Each line shown below should be copied exactly.

------ DATA FOR THIS TASK ------

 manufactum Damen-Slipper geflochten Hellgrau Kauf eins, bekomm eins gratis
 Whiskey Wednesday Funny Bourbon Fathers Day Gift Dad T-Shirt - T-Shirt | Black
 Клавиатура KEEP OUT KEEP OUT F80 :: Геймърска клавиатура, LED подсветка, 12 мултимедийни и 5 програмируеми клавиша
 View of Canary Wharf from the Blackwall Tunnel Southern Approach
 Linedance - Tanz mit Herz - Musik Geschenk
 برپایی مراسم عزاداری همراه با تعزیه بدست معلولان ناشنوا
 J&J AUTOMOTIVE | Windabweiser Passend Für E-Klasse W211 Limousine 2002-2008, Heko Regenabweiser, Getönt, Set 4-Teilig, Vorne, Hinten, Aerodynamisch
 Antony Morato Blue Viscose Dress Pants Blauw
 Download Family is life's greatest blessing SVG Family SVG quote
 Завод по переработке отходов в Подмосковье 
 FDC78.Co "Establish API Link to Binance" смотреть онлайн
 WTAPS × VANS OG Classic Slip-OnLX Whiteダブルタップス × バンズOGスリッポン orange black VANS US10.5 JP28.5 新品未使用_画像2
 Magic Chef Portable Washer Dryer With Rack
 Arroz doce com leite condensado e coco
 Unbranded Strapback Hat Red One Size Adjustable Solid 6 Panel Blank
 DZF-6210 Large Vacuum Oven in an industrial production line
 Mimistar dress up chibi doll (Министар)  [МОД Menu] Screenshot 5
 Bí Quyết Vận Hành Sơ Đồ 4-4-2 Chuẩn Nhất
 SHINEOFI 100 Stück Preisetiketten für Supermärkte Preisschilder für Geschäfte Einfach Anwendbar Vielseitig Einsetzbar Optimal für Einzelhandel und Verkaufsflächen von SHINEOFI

------

== EXPECTED ANSWER ==
 manufactum Damen-Slipper geflochten Hellgrau Kauf eins, bekomm eins gratis
 Whiskey Wednesday Funny Bourbon Fathers Day Gift Dad T-Shirt - T-Shirt | Black
 Клавиатура KEEP OUT KEEP OUT F80 :: Геймърска клавиатура, LED подсветка, 12 мултимедийни и 5 програмируеми клавиша
 View of Canary Wharf from the Blackwall Tunnel Southern Approach
 Linedance - Tanz mit Herz - Musik Geschenk
 برپایی مراسم عزاداری همراه با تعزیه بدست معلولان ناشنوا
 J&J AUTOMOTIVE | Windabweiser Passend Für E-Klasse W211 Limousine 2002-2008, Heko Regenabweiser, Getönt, Set 4-Teilig, Vorne, Hinten, Aerodynamisch
 Antony Morato Blue Viscose Dress Pants Blauw
 Download Family is life's greatest blessing SVG Family SVG quote
 Завод по переработке отходов в Подмосковье 
 FDC78.Co "Establish API Link to Binance" смотреть онлайн
 WTAPS × VANS OG Classic Slip-OnLX Whiteダブルタップス × バンズOGスリッポン orange black VANS US10.5 JP28.5 新品未使用_画像2
 Magic Chef Portable Washer Dryer With Rack
 Arroz doce com leite condensado e coco
 Unbranded Strapback Hat Red One Size Adjustable Solid 6 Panel Blank
 DZF-6210 Large Vacuum Oven in an industrial production line
 Mimistar dress up chibi doll (Министар)  [МОД Menu] Screenshot 5
 Bí Quyết Vận Hành Sơ Đồ 4-4-2 Chuẩn Nhất
 SHINEOFI 100 Stück Preisetiketten für Supermärkte Preisschilder für Geschäfte Einfach Anwendbar Vielseitig Einsetzbar Optimal für Einzelhandel und Verkaufsflächen von SHINEOFI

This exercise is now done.